Data for analysis >>
:::

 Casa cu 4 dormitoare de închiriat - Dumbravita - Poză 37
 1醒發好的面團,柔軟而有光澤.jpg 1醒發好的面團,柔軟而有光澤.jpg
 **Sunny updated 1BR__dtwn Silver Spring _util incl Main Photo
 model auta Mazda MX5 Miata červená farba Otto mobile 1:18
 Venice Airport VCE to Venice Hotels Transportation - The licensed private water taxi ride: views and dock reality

:::

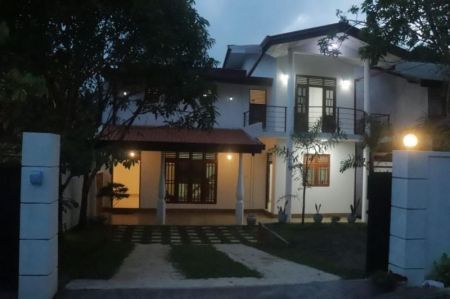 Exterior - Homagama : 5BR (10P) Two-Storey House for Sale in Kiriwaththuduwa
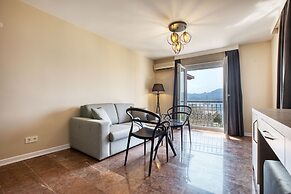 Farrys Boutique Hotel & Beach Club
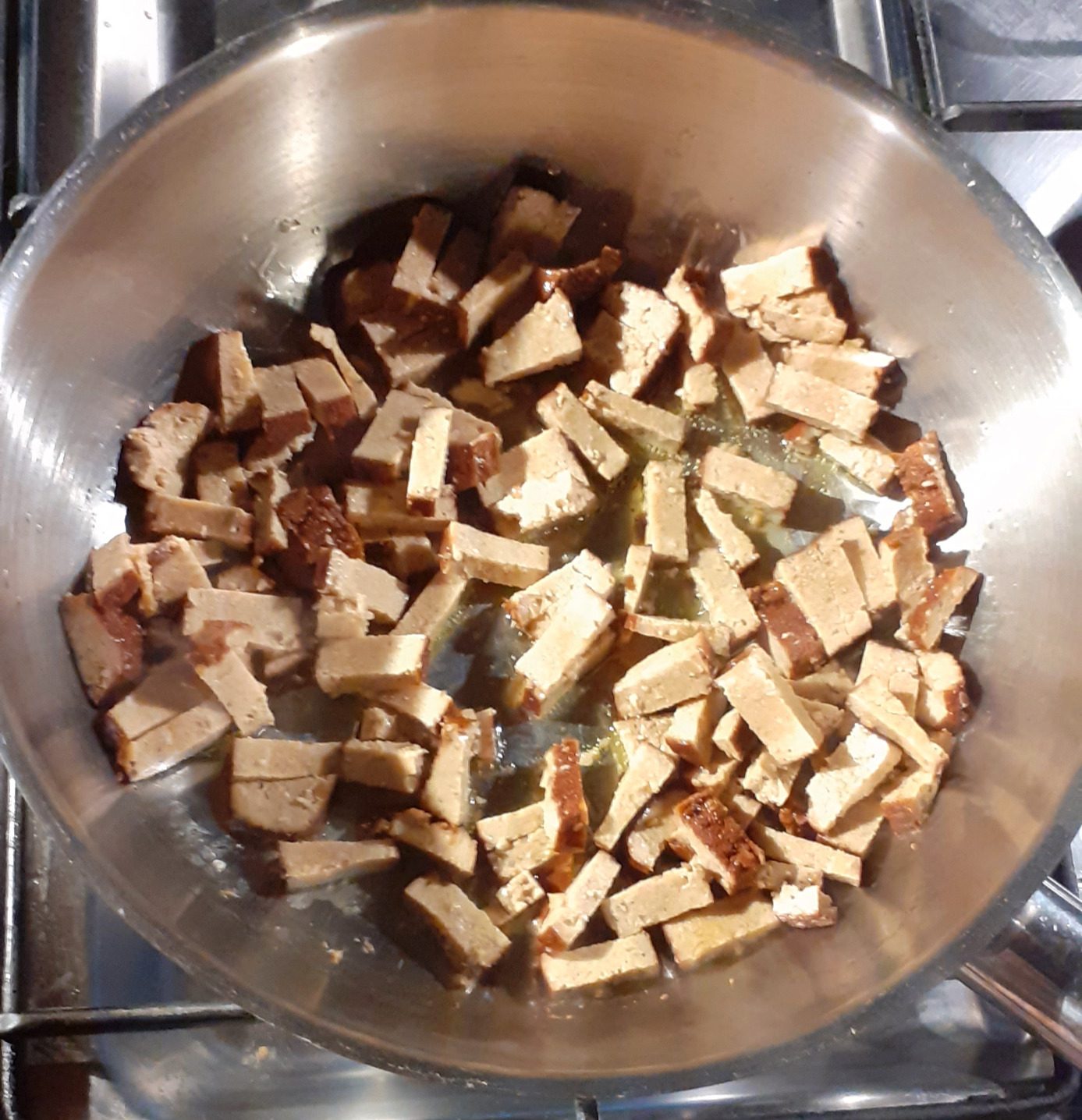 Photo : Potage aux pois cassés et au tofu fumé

:::

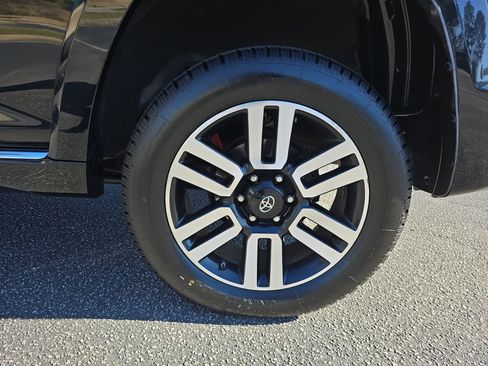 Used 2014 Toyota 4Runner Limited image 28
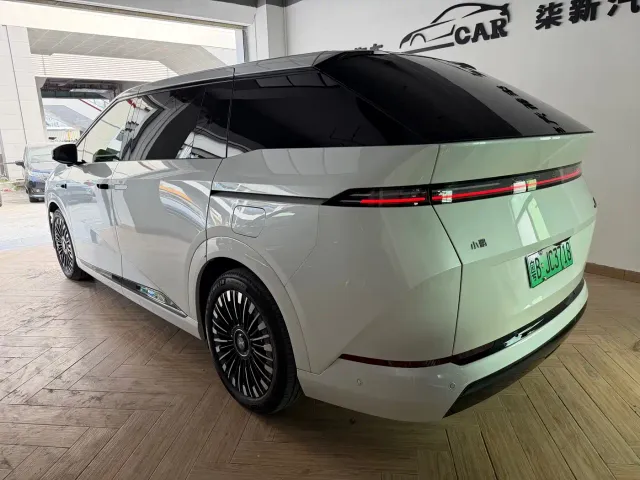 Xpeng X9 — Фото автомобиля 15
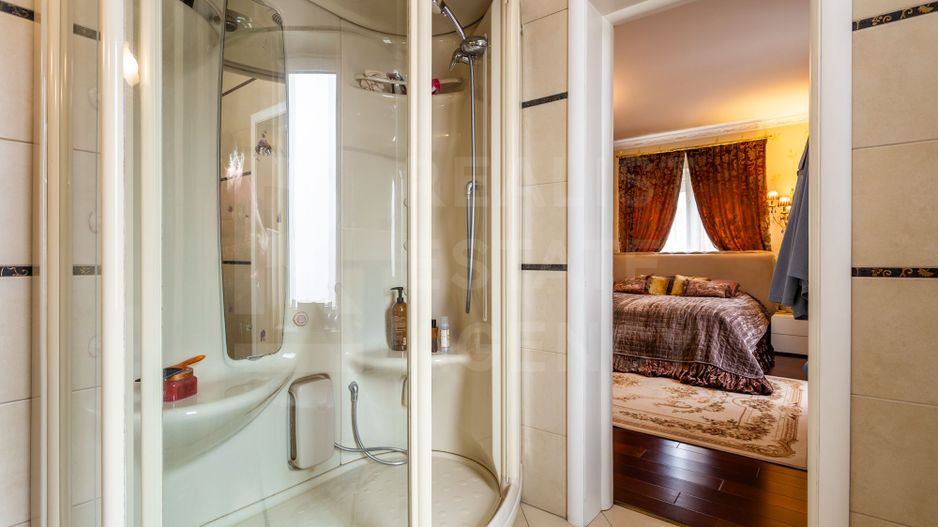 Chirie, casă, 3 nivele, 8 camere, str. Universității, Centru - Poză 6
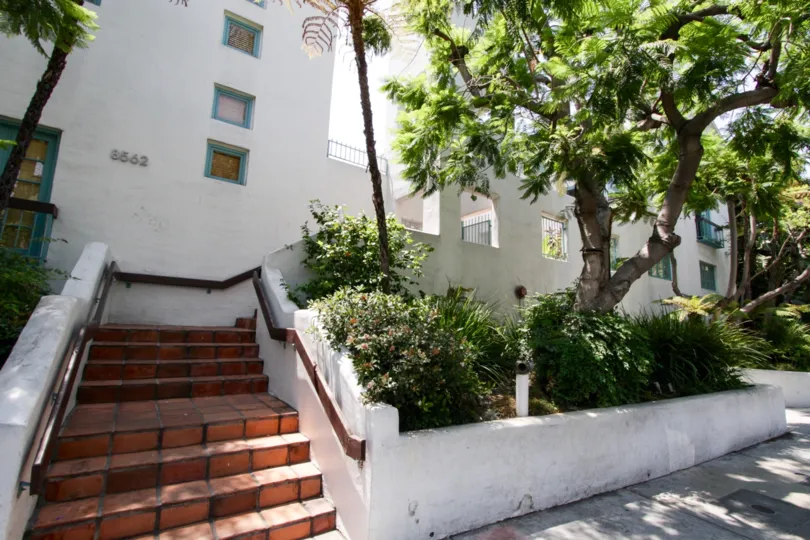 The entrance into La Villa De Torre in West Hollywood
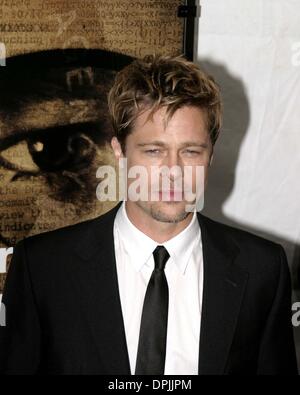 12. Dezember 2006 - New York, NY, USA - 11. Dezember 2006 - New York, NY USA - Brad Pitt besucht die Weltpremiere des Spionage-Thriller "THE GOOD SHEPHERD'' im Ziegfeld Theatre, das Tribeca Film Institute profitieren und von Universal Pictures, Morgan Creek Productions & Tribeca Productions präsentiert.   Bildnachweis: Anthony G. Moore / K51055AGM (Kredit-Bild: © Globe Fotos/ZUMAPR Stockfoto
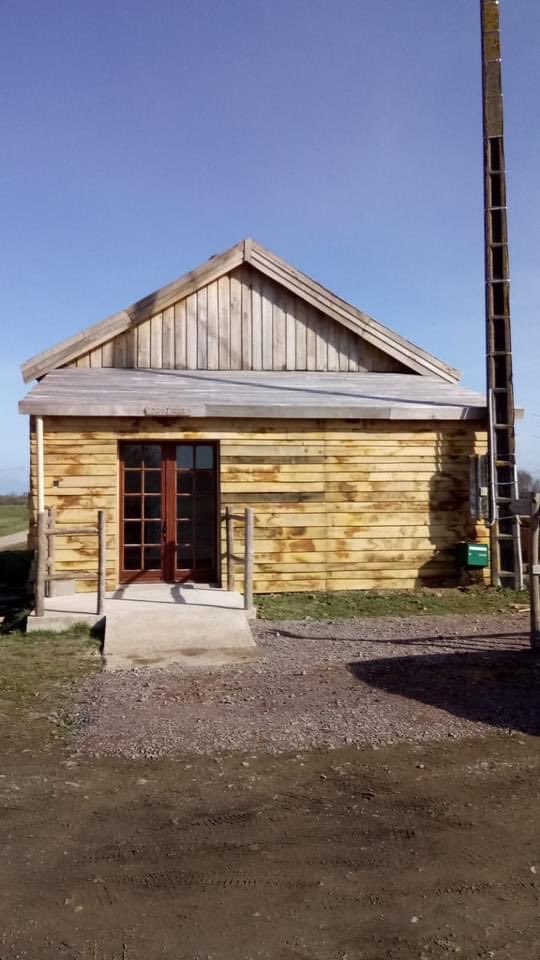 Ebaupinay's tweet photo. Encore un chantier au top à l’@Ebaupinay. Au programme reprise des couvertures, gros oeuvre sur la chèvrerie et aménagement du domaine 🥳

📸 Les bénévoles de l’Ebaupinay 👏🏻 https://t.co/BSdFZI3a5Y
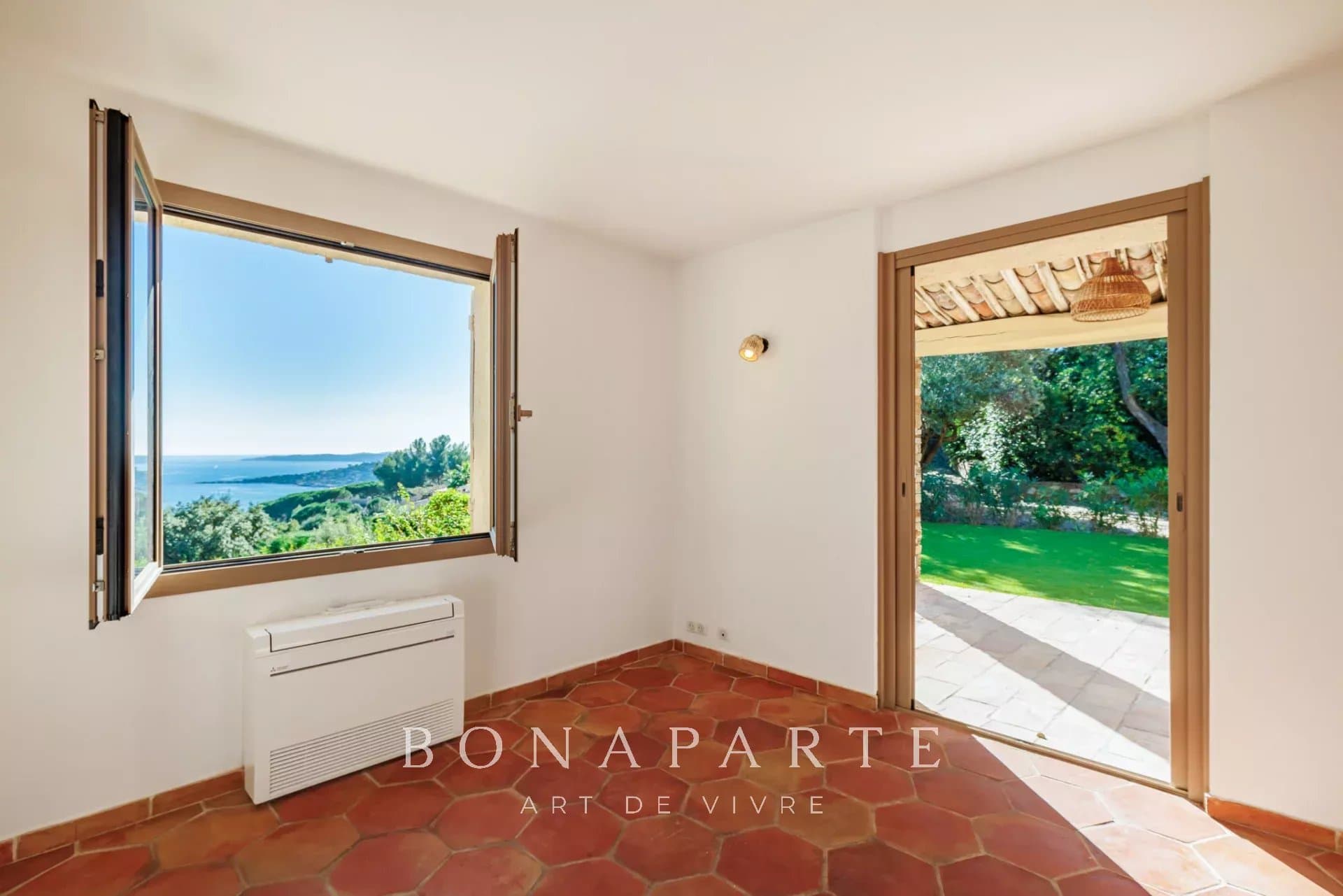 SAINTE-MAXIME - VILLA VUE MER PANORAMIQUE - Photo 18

:::

Exercise objective >>
Here the job is to copy the stretch of records from the line containing "12. Dezember 2006" through the line containing "l’Ebaupinay 👏🏻 https://t.co/BSdFZI3a5Y", word for word. Leave every picture out.

Response to this exercise >>
 12. Dezember 2006 - New York, NY, USA - 11. Dezember 2006 - New York, NY USA - Brad Pitt besucht die Weltpremiere des Spionage-Thriller "THE GOOD SHEPHERD'' im Ziegfeld Theatre, das Tribeca Film Institute profitieren und von Universal Pictures, Morgan Creek Productions & Tribeca Productions präsentiert.   Bildnachweis: Anthony G. Moore / K51055AGM (Kredit-Bild: © Globe Fotos/ZUMAPR Stockfoto
 Ebaupinay's tweet photo. Encore un chantier au top à l’@Ebaupinay. Au programme reprise des couvertures, gros oeuvre sur la chèvrerie et aménagement du domaine 🥳

📸 Les bénévoles de l’Ebaupinay 👏🏻 https://t.co/BSdFZI3a5Y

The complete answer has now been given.